An additional, often overlooked factor in the establishment of detente was the role of individual personalities, particularly of leaders in both countries. Personal diplomacy played a significant role in the process, demonstrated most noticeably in the relationship between US President Richard Nixon and Soviet leader Leonid Brezhnev. Nixon, despite his staunch anti-communist reputation, had a pragmatic view of foreign policy, while Brezhnev sought stability in international relations. Both were well-disposed towards negotiations and dialogue. As historian Jeremi Suri argues in 'Power and Protest', the personal rapport between Nixon and Brezhnev eased the path towards a more cordial relationship.

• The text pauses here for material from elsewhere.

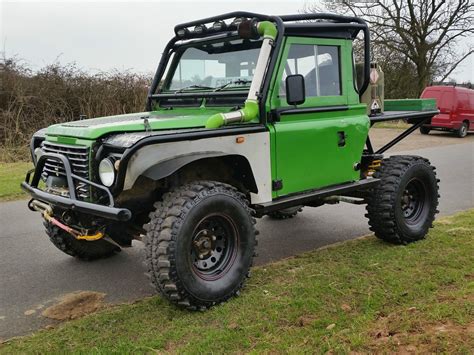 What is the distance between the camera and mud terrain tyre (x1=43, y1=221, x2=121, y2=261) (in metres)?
4.83

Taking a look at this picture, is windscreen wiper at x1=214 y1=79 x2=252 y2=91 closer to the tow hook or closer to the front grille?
the front grille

Looking at the detente in retrospect, historians have offered various evaluations. Some, like Gaddis, have commended the effort to reduce Cold War tensions and prevent nuclear escalation. He sees detente as a necessary response to the changing dynamics of the Cold War. On the other hand, critics such as Vladislav Zubok in 'A Failed Empire' argue that the Soviet Union saw detente as a means to legitimise its sphere of influence in Eastern Europe and continue its arms build-up. He contends that this eventually undermined the potential of detente. However, it is worth noting that regardless of the differing perspectives on the success or failure of detente, it remains a significant chapter in Cold War history as an attempt to alter the trajectory of US-Soviet relations.

Lastly, the detente had considerable implications on the global stage. It led to the Conference on Security and Co-operation in Europe (CSCE), resulting in the Helsinki Accords of 1975, a major multilateral agreement that enshrined the principles of respect for human rights and territorial integrity. As Tony Judt underscores in 'Postwar: A History of Europe Since 1945', this was significant as it held the Soviet Union accountable for human rights, a move that would have far-reaching implications in the final years of the Cold War. Moreover, detente influenced the dynamics in other regions. For instance, the US, seeking to counterbalance Soviet influence, opened relations with China in 1972, a major geopolitical shift.

In conclusion, the period of detente between 1971 and 1979 was influenced by an interplay of strategic, economic, and ideological factors. It was a product of the need to prevent nuclear annihilation, the realities of economic pressures, the shifts in ideological doctrines within the superpowers, and the personal diplomacy of leaders. Evaluations of detente are mixed, with some viewing it as a necessary de-escalation, and others seeing it as a strategic miscalculation. However, the consensus remains that it was a defining period in the Cold War era, marking a shift in international relations and having far-reaching global implications. The detente era, though transient, offered a brief respite from tensions and opened a new chapter in the complex narrative of US-Soviet relations.